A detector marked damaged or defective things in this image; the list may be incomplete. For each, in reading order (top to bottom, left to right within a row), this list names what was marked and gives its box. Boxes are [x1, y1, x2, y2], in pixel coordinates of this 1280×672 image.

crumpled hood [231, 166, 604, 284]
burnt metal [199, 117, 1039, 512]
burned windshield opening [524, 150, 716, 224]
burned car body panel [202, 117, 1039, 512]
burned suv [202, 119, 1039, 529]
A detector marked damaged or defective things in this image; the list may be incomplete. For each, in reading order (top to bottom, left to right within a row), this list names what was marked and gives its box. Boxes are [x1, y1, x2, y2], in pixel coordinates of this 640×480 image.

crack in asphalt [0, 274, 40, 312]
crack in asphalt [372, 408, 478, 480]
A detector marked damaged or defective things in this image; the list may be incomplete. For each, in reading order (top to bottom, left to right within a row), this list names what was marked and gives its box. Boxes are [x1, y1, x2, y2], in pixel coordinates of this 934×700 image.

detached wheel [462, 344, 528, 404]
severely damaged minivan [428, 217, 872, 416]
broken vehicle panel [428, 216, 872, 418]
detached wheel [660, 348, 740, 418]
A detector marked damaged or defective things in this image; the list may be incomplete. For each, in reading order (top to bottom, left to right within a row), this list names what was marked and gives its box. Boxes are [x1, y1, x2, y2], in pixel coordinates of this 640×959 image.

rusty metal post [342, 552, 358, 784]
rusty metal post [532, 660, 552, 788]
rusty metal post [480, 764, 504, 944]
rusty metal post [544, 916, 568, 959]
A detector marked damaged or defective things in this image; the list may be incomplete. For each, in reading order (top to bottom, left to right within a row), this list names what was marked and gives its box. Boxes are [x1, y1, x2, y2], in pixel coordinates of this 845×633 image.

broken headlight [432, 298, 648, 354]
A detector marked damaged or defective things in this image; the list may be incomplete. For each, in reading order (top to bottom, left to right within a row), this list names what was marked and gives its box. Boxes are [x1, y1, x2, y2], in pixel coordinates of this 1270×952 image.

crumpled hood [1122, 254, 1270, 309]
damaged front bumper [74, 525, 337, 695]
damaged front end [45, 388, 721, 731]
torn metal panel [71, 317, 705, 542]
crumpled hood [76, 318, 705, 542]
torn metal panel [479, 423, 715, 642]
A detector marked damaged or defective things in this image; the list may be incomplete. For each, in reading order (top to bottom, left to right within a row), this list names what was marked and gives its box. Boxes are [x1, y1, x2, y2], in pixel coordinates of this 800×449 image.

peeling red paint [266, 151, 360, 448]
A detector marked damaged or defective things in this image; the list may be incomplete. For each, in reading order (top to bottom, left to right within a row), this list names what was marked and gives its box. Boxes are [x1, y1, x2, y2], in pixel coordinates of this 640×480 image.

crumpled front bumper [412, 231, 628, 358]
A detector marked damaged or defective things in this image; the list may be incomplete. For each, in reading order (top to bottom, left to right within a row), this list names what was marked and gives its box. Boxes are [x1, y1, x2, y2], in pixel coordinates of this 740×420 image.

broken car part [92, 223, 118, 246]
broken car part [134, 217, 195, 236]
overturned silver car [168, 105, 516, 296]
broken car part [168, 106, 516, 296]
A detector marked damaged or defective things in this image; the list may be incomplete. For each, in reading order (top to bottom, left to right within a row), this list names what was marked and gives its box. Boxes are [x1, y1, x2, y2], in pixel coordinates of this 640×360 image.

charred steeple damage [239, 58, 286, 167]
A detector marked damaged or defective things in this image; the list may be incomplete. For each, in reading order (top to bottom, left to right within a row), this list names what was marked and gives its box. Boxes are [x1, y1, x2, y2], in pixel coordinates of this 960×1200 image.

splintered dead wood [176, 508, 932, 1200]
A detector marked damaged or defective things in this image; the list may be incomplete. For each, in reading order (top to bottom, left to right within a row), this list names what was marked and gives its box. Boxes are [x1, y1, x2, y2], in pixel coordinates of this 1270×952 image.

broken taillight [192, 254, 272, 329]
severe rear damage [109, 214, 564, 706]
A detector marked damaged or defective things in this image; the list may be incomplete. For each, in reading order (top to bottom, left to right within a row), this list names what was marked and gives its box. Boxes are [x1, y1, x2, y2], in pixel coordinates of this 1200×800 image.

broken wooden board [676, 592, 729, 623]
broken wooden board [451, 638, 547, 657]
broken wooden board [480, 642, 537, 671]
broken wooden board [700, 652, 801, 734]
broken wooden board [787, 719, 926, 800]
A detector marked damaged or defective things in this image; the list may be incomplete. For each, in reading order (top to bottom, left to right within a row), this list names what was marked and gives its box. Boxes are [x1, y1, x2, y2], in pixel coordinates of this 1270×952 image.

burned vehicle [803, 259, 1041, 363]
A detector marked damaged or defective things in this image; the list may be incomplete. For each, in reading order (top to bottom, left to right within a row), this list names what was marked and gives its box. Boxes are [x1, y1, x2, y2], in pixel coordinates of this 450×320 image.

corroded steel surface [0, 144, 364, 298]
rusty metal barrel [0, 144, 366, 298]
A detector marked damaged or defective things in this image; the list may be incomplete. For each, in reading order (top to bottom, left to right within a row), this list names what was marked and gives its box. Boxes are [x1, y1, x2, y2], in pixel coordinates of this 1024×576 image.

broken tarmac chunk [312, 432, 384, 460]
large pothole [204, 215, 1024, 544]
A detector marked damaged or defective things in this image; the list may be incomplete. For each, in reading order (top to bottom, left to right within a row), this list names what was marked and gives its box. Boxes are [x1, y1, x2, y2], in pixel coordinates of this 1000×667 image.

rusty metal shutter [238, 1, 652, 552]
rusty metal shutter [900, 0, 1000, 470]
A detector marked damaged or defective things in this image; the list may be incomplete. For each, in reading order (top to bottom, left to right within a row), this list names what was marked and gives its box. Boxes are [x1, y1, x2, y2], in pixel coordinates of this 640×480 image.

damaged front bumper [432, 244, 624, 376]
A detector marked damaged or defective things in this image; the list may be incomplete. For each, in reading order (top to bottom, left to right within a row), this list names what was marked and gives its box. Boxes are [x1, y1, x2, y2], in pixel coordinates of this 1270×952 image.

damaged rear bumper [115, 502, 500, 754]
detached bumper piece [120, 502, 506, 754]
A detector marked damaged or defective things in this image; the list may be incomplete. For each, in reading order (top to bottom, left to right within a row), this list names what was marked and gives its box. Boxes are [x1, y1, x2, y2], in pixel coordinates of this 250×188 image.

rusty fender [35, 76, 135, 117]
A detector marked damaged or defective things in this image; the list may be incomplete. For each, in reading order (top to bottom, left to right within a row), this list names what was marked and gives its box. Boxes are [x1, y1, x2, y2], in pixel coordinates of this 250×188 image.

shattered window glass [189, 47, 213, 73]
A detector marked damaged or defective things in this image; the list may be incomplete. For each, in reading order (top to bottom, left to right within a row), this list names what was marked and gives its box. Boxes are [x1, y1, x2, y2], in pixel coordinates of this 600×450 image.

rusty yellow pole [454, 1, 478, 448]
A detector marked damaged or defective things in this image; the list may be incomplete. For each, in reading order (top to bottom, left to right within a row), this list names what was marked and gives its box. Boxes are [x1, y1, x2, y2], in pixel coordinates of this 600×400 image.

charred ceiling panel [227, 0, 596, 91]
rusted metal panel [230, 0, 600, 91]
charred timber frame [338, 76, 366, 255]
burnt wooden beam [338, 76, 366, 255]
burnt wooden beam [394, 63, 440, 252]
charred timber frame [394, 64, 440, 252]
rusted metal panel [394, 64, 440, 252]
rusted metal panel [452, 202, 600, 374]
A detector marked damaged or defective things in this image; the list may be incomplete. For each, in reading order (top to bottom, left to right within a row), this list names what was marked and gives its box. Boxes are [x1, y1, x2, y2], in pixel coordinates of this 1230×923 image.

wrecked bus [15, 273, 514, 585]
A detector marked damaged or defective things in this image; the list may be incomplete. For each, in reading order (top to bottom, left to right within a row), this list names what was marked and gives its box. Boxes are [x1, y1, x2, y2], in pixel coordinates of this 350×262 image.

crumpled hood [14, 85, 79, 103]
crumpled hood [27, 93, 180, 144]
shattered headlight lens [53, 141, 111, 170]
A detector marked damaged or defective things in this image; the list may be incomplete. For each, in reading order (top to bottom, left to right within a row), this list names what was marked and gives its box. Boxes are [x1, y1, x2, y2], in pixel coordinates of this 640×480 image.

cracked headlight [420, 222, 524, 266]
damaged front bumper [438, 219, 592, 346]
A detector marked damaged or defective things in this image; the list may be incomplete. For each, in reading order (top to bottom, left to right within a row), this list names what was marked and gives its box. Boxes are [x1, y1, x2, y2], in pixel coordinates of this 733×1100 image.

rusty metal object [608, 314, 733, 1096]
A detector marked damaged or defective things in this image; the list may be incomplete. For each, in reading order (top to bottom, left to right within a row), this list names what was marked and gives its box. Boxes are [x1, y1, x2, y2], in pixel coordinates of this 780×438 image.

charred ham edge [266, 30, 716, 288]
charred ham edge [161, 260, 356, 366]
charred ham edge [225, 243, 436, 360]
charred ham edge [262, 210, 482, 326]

▸ **YOUR OBJECTIVE**
Copy exactly, and only, the lines from the line that contains "this 780×438 image." through the end of the data above.

▸ **FINISHED EXERCISE**
A detector marked damaged or defective things in this image; the list may be incomplete. For each, in reading order (top to bottom, left to right within a row), this list names what was marked and gives its box. Boxes are [x1, y1, x2, y2], in pixel coordinates of this 780×438 image.

charred ham edge [266, 30, 716, 288]
charred ham edge [161, 260, 356, 366]
charred ham edge [225, 243, 436, 360]
charred ham edge [262, 210, 482, 326]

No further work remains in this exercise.